Really good post Josh. It is absolutely true that the whole SQL ecosystem does a really bad job at properly managing the temporal aspects of data.

The reasons for this are many. The concept of transactions really messes up natural concepts of time - so that does not help. Just look at e.g. statement_timestamp(), transaction_timestamp(), clock_timestamp() from Postgres, and while doing that, note that they don’t offer a commit_timestamp() because that is “tricky”, although Spanner manages it with pending_commit_timestampp() , albeit not as a value readable within a transaction of course. So, that means we have 4 DBMS timestamps before we start even looking at application generated timestamps. Typically these will be set close to, but rarely identical to, one of the DBMS timestamps, and so can also be considered as a strand of “transaction/recorded time”.

Other reasons include temporal being a bit of a backwater in database research. Darwen had to badger Date for many years to get him to take the topic seriously, and even then they focused on the consequences of interval (aka range) values/types to the relational model more than the arrow of time itself. Not does their ambivalence to transactions help (see page 447 of the 2nd edition of Time and Relational Theory, where they try and fail to answer their own question on “how transaction timestamps might be implemented in a real system)”).
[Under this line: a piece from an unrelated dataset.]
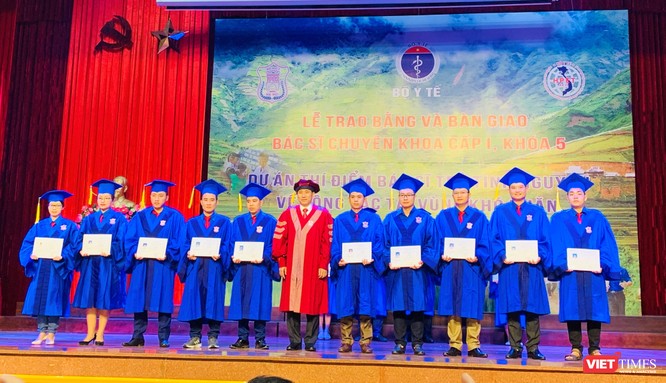 PGS.TS. Đoàn Quốc Hưng – Phó Hiệu trưởng Trường Đại học Y Hà Nội trao Bằng cho các bác sĩ tình nguyện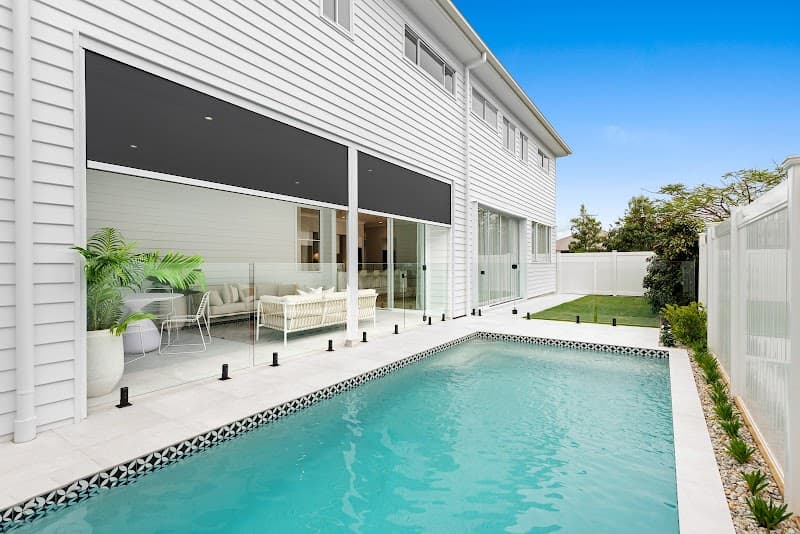 Mainstream Pools pool builder work in Loganholme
Other, more mainstream(?) academic work such as Snodgrass notwithstanding, this whole area is under researched IMHO.

And I would say that most the work on Temporal Tables in SQL DBMSes has been focused on OLTP use cases, rather than analytical ones such as ETL populated “type-2” dimensions. Maybe this is not such the case with Teradata’s implementation - but that not something I have worked with myself.
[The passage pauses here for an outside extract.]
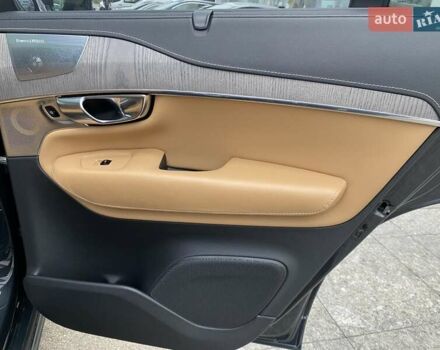 Сірий Вольво ХС90, об'ємом двигуна 1.97 л та пробігом 186 тис. км за 37500 $, фото 14 на Automoto.ua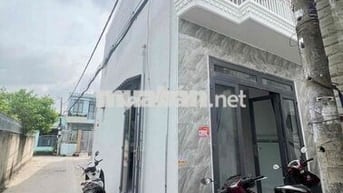 nhà 4x9 1 lầu 2 mặt tiền 2 cửa chính. hẻm 4 mét thông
Now, Josh, you said at the start that “Valid Time is usually what is being tracked in a Type 2 SCD dimension”. I would disagree. Almost always those tables hold one kind of transaction/recorded time. I.e. what did the customer record (that we extracted from the source) look like yesterday, a week ago etc. Very rarely are business time columns used. E.g. if a customer says “I moved city last month” or “I’m moving city next month”, the SCD won’t be back or forward dated to reflect the “true in the real world” timeline. We don’t want our historic reports chaining just because a customer “forgot” to tell us something in due time.

Actually, the “bi-temporal” (end “tri-temporal”!) stuff is all an unimportant distraction. Anything other than the recorded/transaction timeline is just normal columns. Recording when a customer says something happened in the real world, or when a fraud investigator says something actually happened are all just normal business data items. Trying to make them special under the “bi-temporal” (or should that be n-temporal) banner obscures the more important matter of the serializable nature of data recording.

So what to do? I’m sure dbt could pay more attention to this. Even simple things such as recording dbt_snapshot_at as @gnilrets suggests would help. Leveraging Time Travel facilitates (where available/performant) to ensure dbt knows what the snapshot point is in the local warehouse timeline, would also help. Understanding what any timestamps coming from the source systems actually represent would be better still (e.g. CDC’ed sources can sometimes include a true(ish) source commit timestamp). Still I’m not sure dbt really works at a high enough level of abstraction to incorporate such matters.